DIRECTIONS =
The required output is the lines below from the line containing "Screenshot of a" to the line containing "Paderbornsches Intelligenzblatt Mittwoch", inclusive, retyped exactly. No other lines belong in it.

EXERCISE DATA =

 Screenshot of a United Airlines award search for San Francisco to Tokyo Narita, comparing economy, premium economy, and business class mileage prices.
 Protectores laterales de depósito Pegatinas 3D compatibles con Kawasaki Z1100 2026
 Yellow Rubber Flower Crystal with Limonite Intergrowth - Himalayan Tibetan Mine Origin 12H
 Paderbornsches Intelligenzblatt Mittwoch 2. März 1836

...

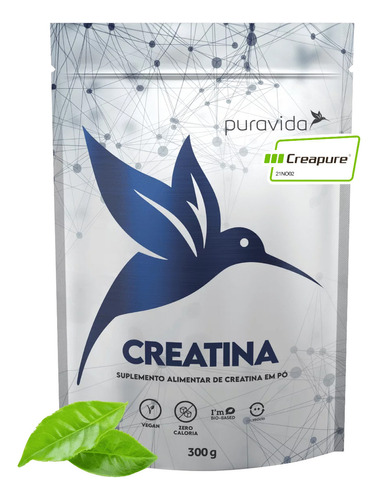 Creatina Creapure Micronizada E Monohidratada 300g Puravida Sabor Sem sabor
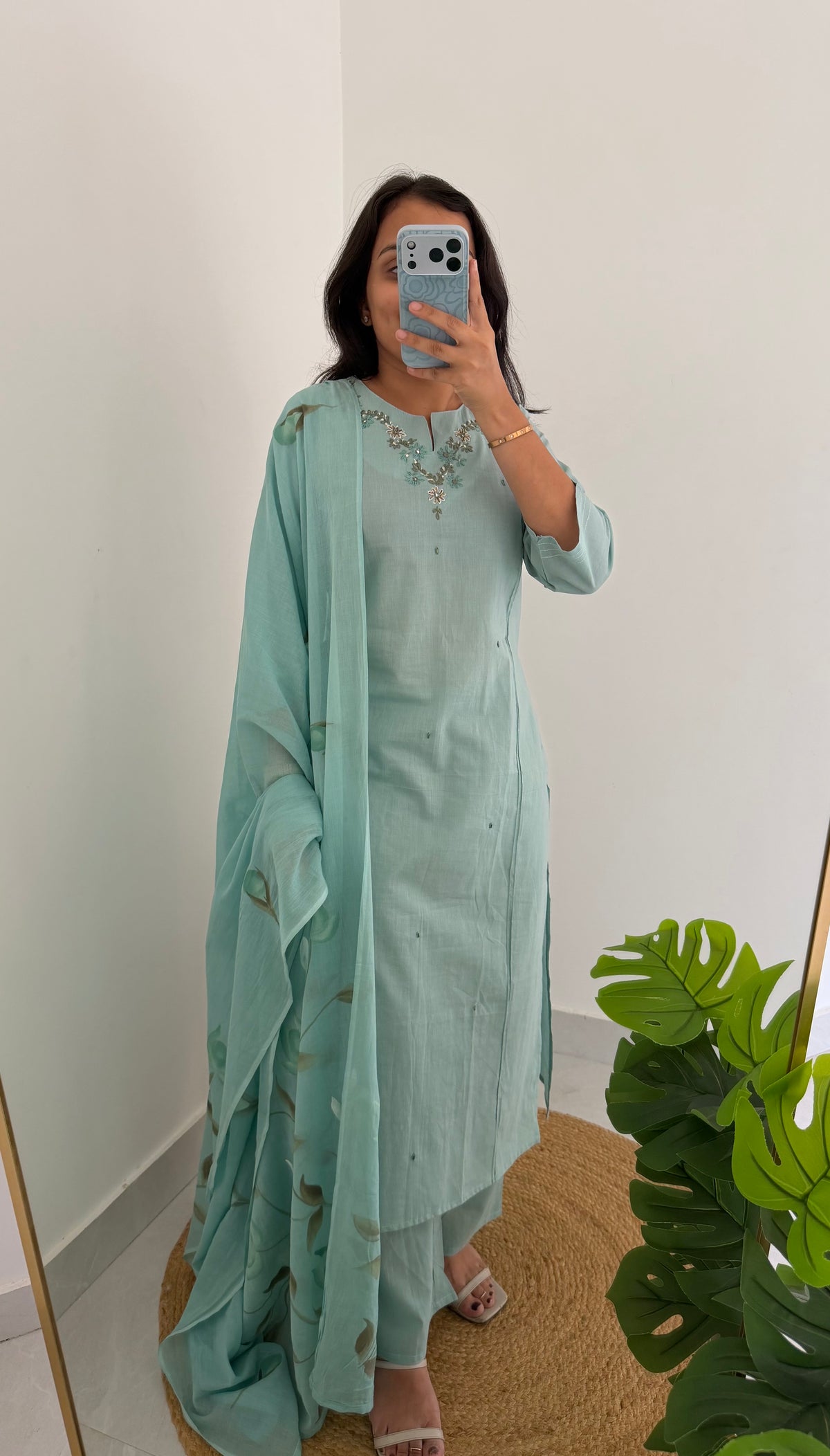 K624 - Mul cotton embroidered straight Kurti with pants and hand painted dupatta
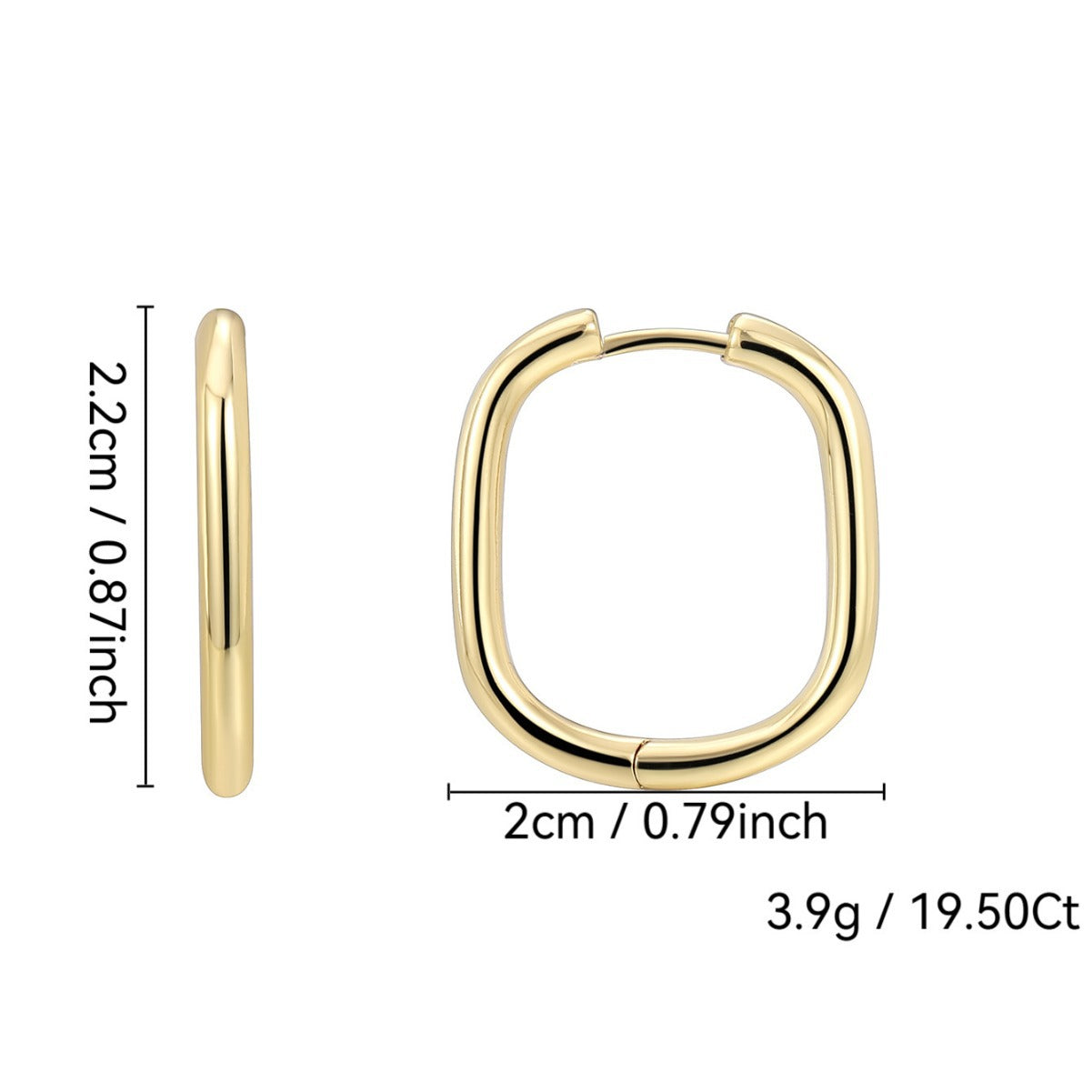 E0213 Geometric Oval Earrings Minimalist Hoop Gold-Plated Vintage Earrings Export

--

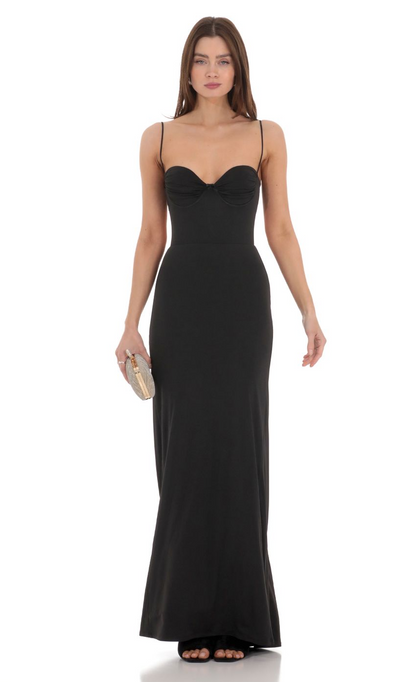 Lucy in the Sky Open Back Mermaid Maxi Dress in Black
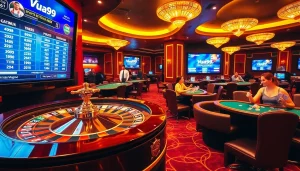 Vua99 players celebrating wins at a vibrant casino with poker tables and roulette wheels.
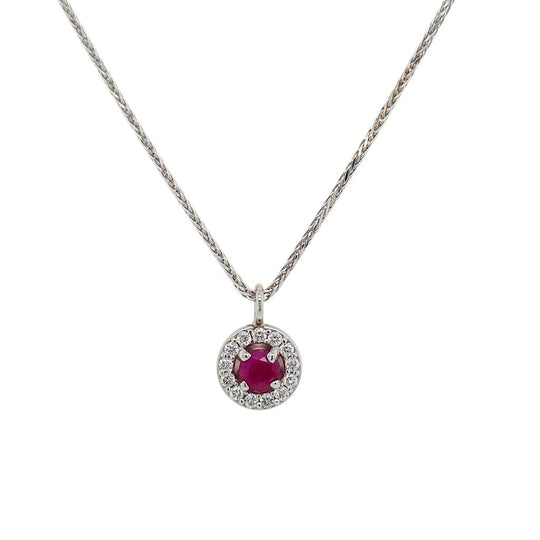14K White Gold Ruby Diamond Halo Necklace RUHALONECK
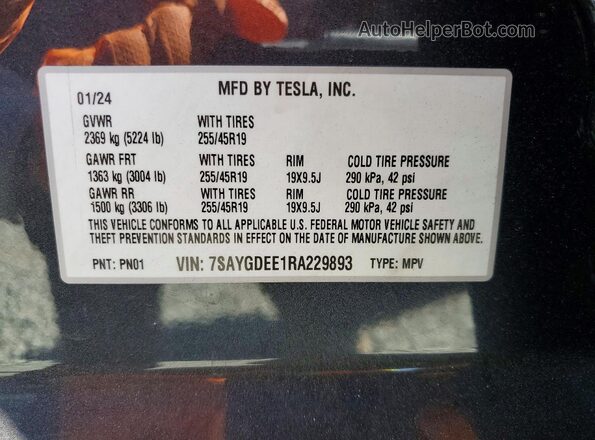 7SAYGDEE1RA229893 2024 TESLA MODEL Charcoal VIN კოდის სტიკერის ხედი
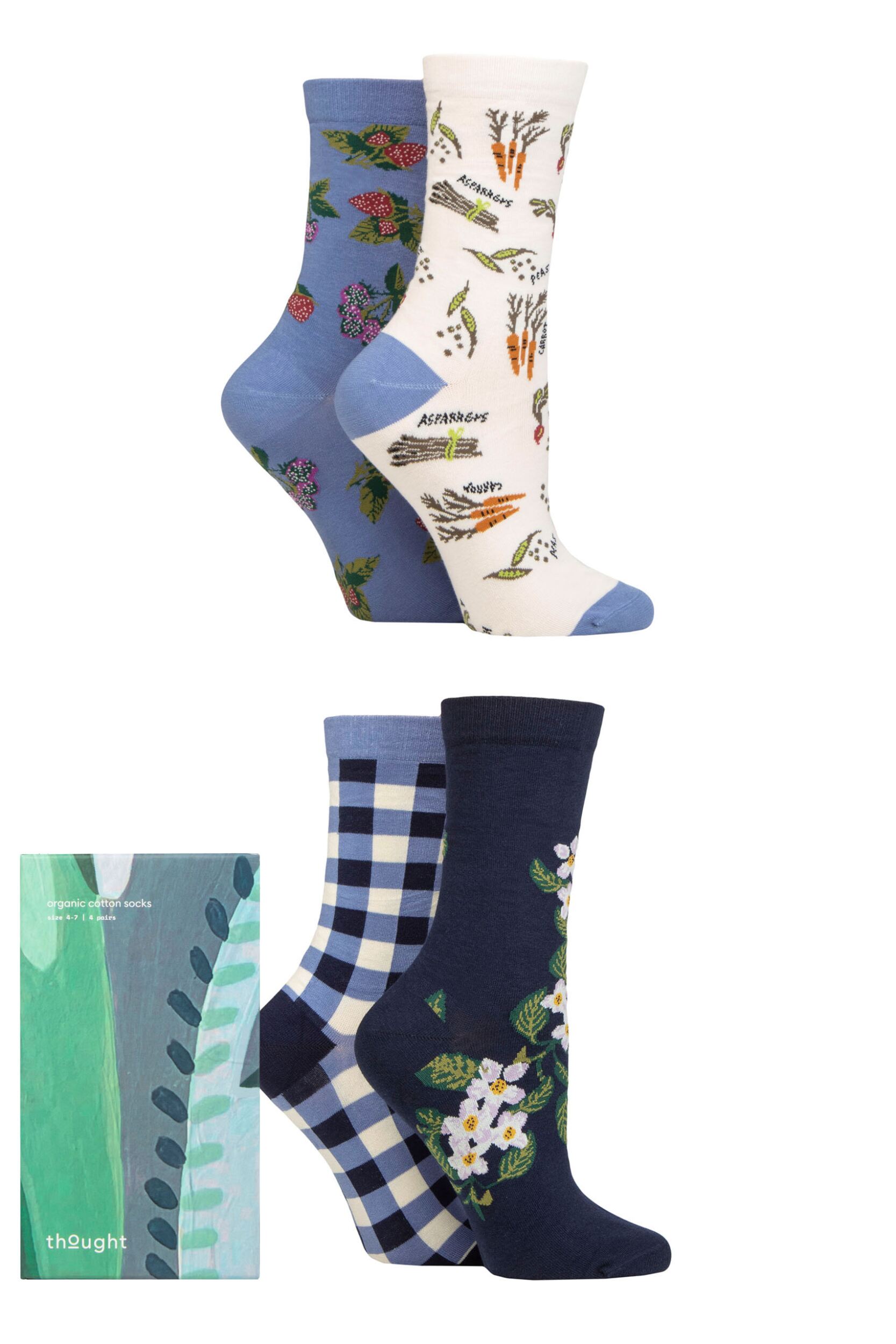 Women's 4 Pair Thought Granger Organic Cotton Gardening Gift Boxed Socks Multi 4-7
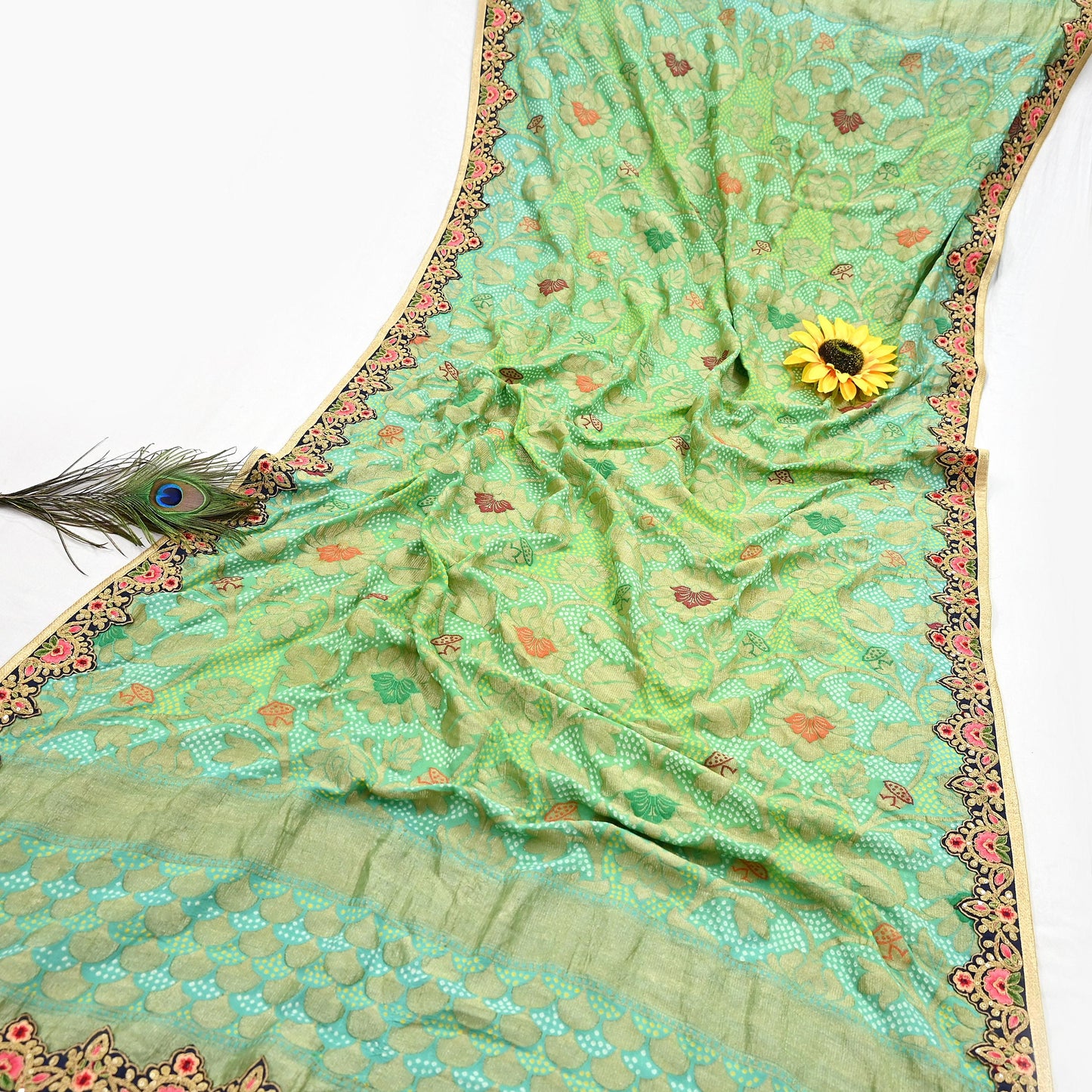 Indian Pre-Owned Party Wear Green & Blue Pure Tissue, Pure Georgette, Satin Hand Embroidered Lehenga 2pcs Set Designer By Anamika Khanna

SOLUTION FOR THIS PROBLEM =
 Screenshot of a United Airlines award search for San Francisco to Tokyo Narita, comparing economy, premium economy, and business class mileage prices.
 Protectores laterales de depósito Pegatinas 3D compatibles con Kawasaki Z1100 2026
 Yellow Rubber Flower Crystal with Limonite Intergrowth - Himalayan Tibetan Mine Origin 12H
 Paderbornsches Intelligenzblatt Mittwoch 2. März 1836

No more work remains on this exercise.